It should also be underlined the ability of TARE to compete with portal embolization, inducing hypertrophy of the future remnant liver after lobar radioembolization, on a slower timescale than through portal embolization, but with the additional value of local disease control [26] and downstaging for surgery.
3.4 Downstaging
The downstaging strategy relies on evidence that a baseline low-risk patient has the same probability of recurrence than a high-risk patient who is reassigned, after locoregional therapy, to low risk [27]. No guidelines exist on the upper limits for downstaging inclusion; however, a general consensus defines the limits as: one lesion >5 cm and ≤8 cm; two to three lesions each ≤5 cm; or four to five lesions each ≤3 cm with total tumor diameter ≤8 cm [28].
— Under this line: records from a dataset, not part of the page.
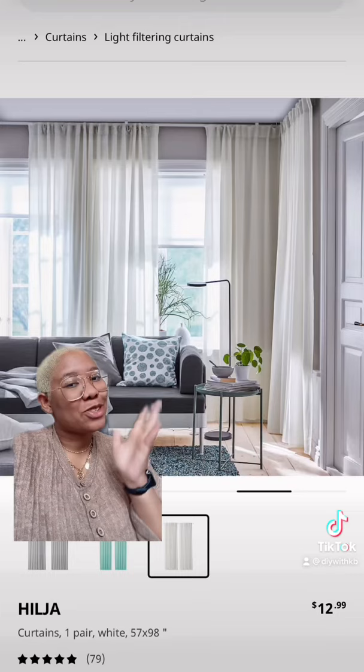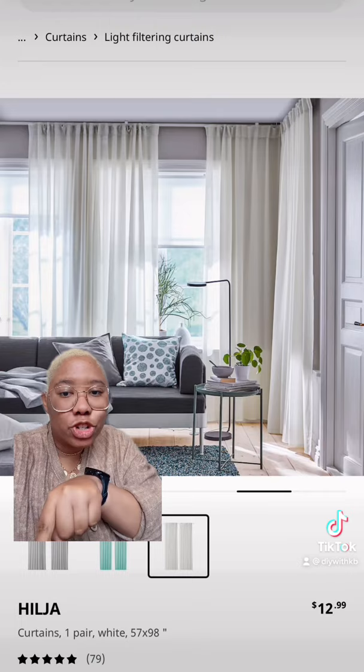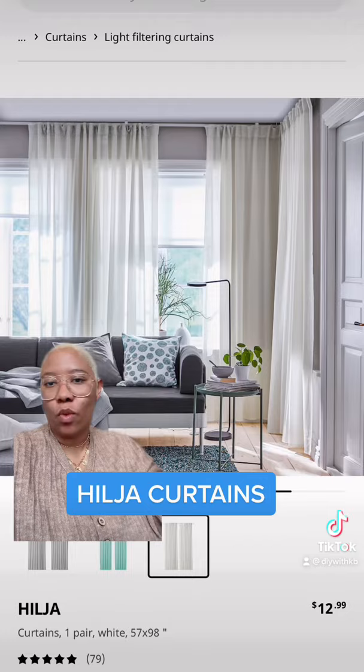We're going to go to our local IKEA and pick up these Hilja curtains — $12.99 for a pair. As long as you hang them high and wide, you're going to get the exact same look without breaking the bank. Follow for more affordable, accessible interior design tips.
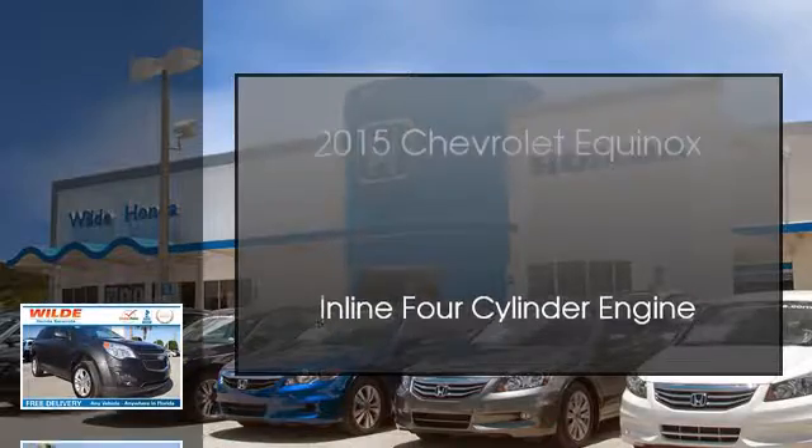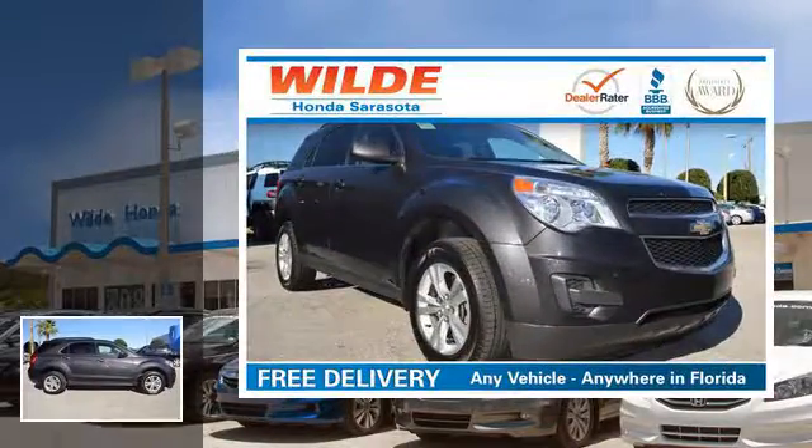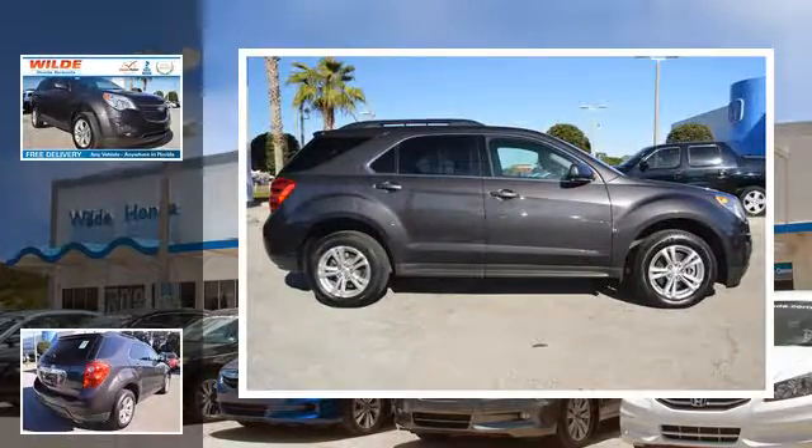This is a 2015 Chevrolet Equinox. This crossover has an automatic transmission and an inline four-cylinder engine.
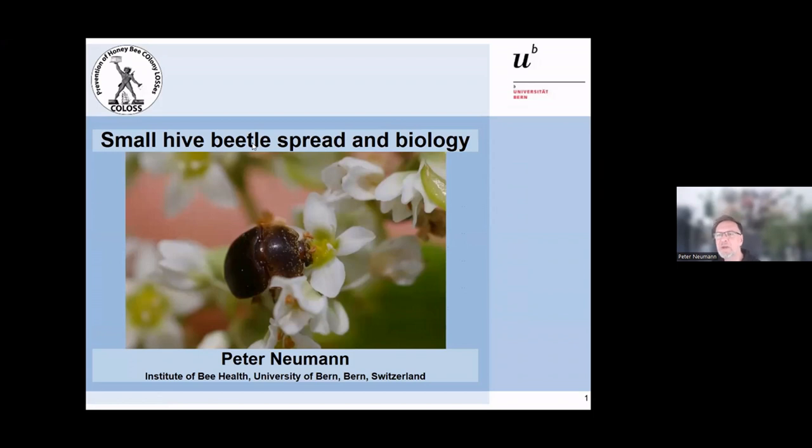Bonjour mesdames et messieurs, merci beaucoup pour l'invitation. Unfortunately I don't speak much French, so English it is. I was delighted to hear that the bees on your island are Apis mellifera unicolor, which is an African subspecies — we can discuss that later, but I was really relieved to hear that.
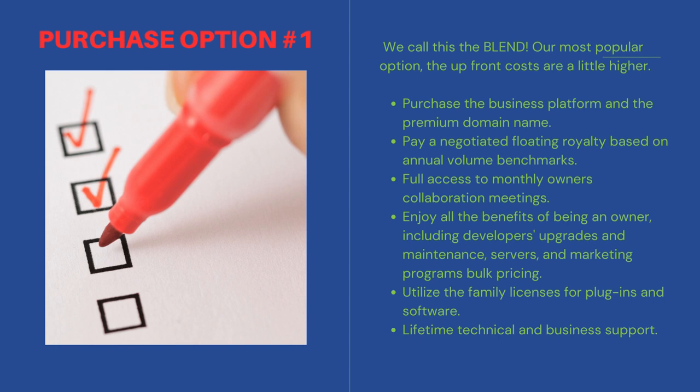Our most popular option — the upfront costs are a little higher. Purchase the business platform and the domain name. Pay a negotiated floating royalty based on annual volume benchmarks. Full access to monthly owners' collaboration meetings. Enjoy all the benefits of being an owner, including developers' upgrades and maintenance, servers, and marketing programs' bulk pricing. Utilize the family licenses for plugins and software.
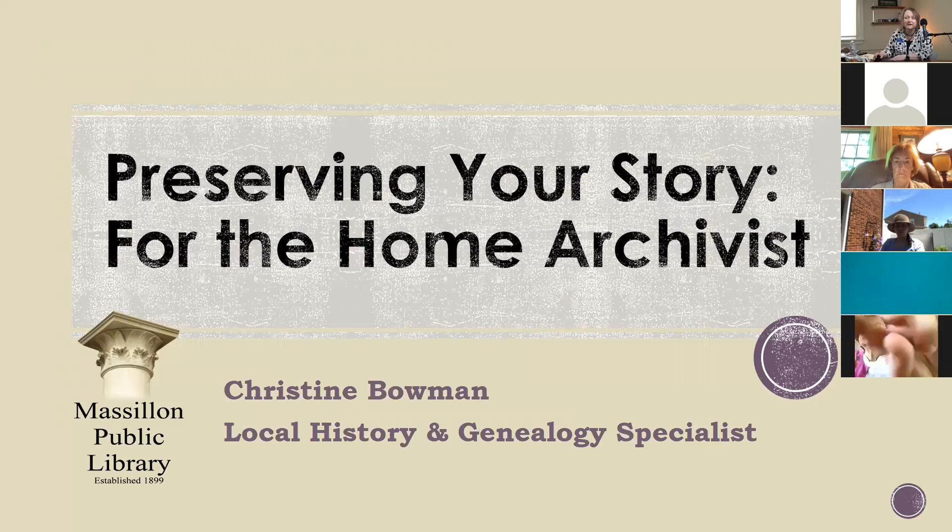We'll go ahead and get started with preserving your story. This is really a program that is looking at the home archivist—not a professional, not somebody with a huge budget, but somebody doing this from home who wants to take care of old family heirlooms or mementos. We're dealing mostly with what we would call traditional keepsakes, and then a little bit at the end with the modern world and how we manage our memories. I did try to take into account how somebody at home would do this, things like skill and expense.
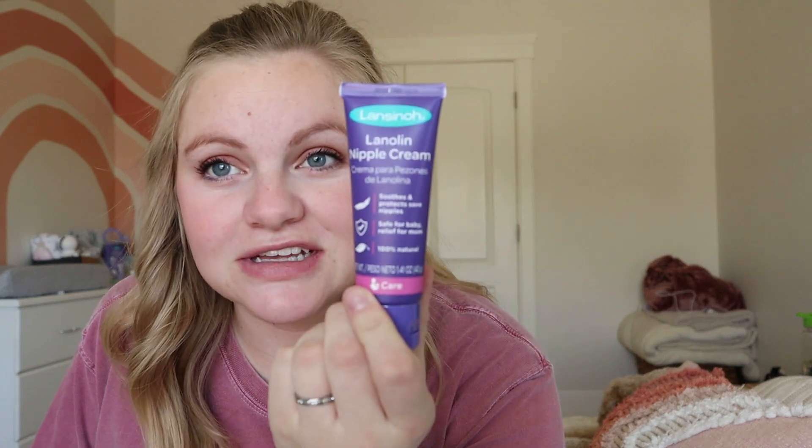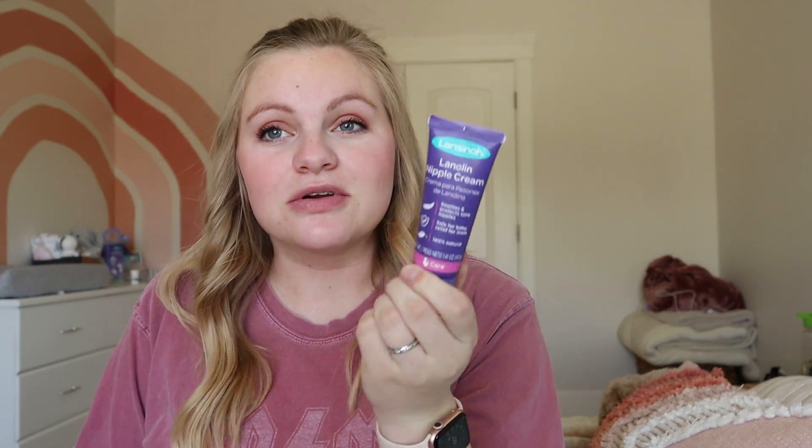I'm also bringing two nursing bras. They're kind of just two comfy bras that I have and they're nursing friendly, so I just thought I'd bring two and see which one I want to wear. And then I'm bringing some lanolin. This is actually the best stuff for nipple cream. I see people buying other nipple butter stuff, but for me lanolin works the best.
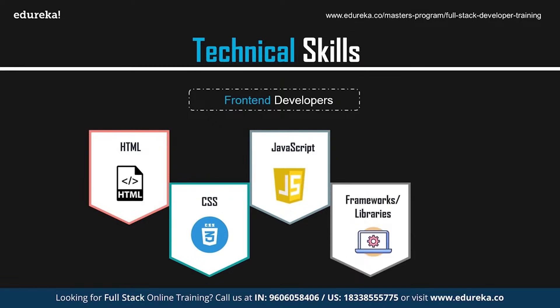As front-end developers, it is important that you have some knowledge of frameworks and libraries such as Angular, React, Vue, etc. These are basically frameworks and libraries based on JavaScript. JavaScript frameworks are collections of CSS or JavaScript files that perform different tasks by providing common functionality. Instead of starting with an empty text document, you can start with a code file that already has lots of JavaScript present in it.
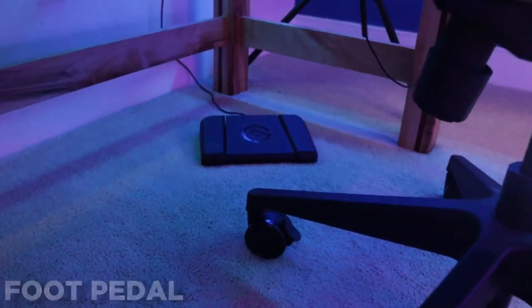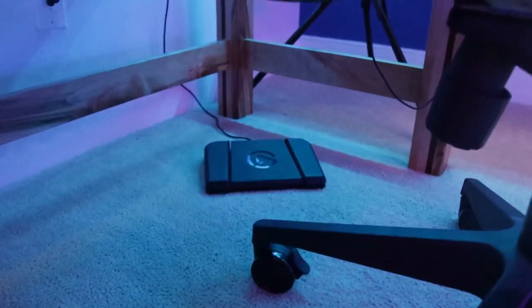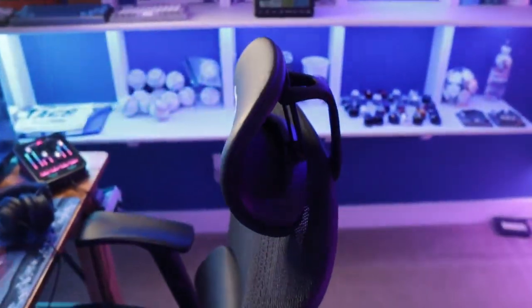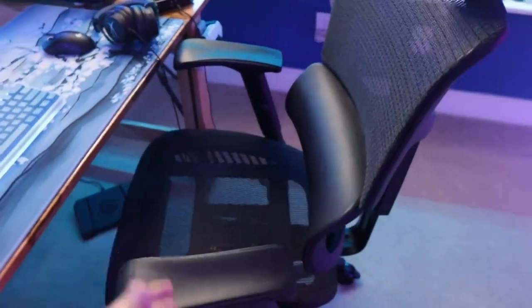Staying close to the ground, over here is my Elgato foot pedal. I absolutely love this for streaming — it's so convenient, especially for push to talk and Discord.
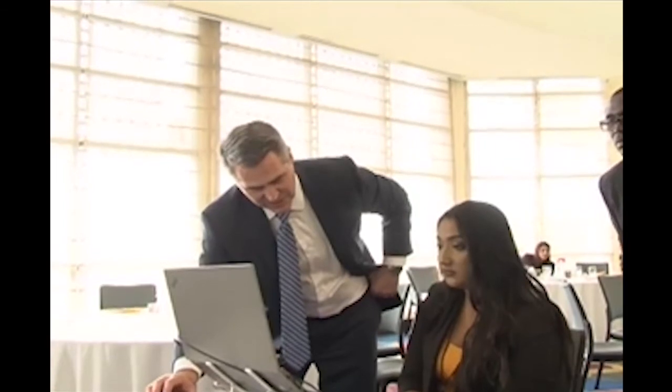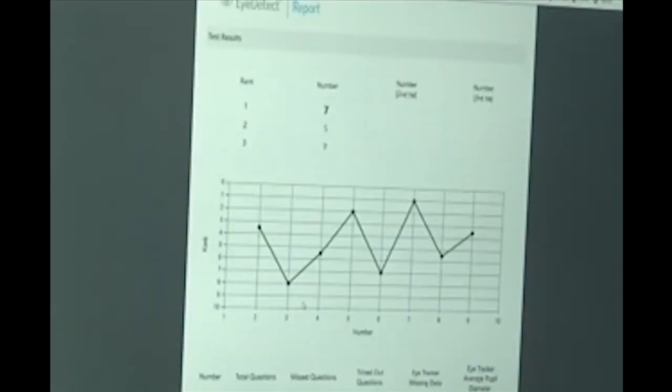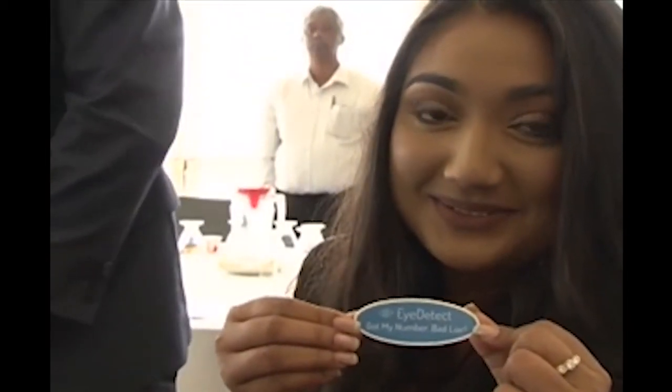We put iDetect to the test. First, we were told to write down a number between 2 and 10. We were then asked several true or false questions in relation to the number we selected. In the end, the machine did not lie — it correctly identified the number as 7. Bhavita Kapol Chan, CNC3 News.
In a meta-analysis, Parikh et al. [29] reported a successful downstaging rate of 48% (95% CI 39–58%) without differences between TACE and TARE. Gabr et al. [30] showed that TACE and TARE groups have the same outcome after orthotopic liver transplantation (months to recurrence: 26.6 (95% CI 7.0–49.5) vs. 15.9 months (95% CI 7.8–46.8), respectively; p = 0.48). In addition, in one RCT, Mazzaferro et al. [31], demonstrated that, regardless of downstaging methods (locoregional, surgical or systemic), orthotopic liver transplantation improved event-free survival rate vs. the control group (76.8% [95% CI 60.8–96.9] vs. 18.3% [95% CI 7.1–47.0]). These data seem to suggest that there are no differences between the downstaging strategies. However, several issues must be clarified. First, the choice of which locoregional treatment should be used depends on the patient/disease characteristics, namely BCLC is applied for each patient. For example, TACE patients have on average a lower disease stage compared to TARE patients. Second, the downstaging strategy generally has a multidisciplinary and multimodality approach by including ablation, surgery, trans-catheter, and systemic treatment. However, a RCT comparing the downstaging results of each single modality is unfeasible due to ethical issues.
3.5 Bridging
Bridging consists of reducing the drop-out from the active transplant list. The existing 2018 guidelines (AASLD, EASL) [22] suggest bridging to liver transplantation (OLT) within the Milan criteria with the aim of limiting the drop-out and the recurrences post OLT, with low evidence, and with a strong grade of recommendation, particularly if the waiting time on the list is expected to be at least 6 months. Progression after endovascular therapies seems to have a prognostic role, and treatment response is a surrogate biomarker [32]. TACE is the most used technique for bridging, although no trial has demonstrated its superiority over the remaining locoregional strategies [33]. Ettore et al. [34] demonstrated that bridging is achievable in all patients using TARE. Gabr et al. report their experience of 207 transplants after TARE with a bridging success of 75% with survival similar to non-oncologic transplant [35]. Nevertheless, Lee et al. [36] suggest that the impact of the bridging strategy is limited only to the early stage.
3.6 Palliation
The palliative indication is reserved for those patients not amenable for curative treatment. Despite a trend in the data [37,38,39] there are no conclusive trials that demonstrate the superiority of a TARE versus C-TACE or DEB-TACE [40], TACE still being the first treatment option in all guidelines. The TRACE trial (BCLC stage A/B) was interrupted because of the clear superiority of TARE in terms of time to progression (392 vs. 299 days) and overall survival (912 vs. 489 days) [41]. The CIRT registry demonstrated that TARE is a valid tool with an excellent safety profile for palliation [42]. Moreover, Salem et al. published their institutional decision to adopt TARE as the first treatment option in limited HCC, based on 1000 patients in 15 years [43].
4 Conclusion
Transarterial treatments (TACE and TARE) are the past, the present and the future of HCC management. TACE has proven its utility in randomized trials and TARE has earned its place in the real world of HCC treatment, entering recently the first stage of BCLC.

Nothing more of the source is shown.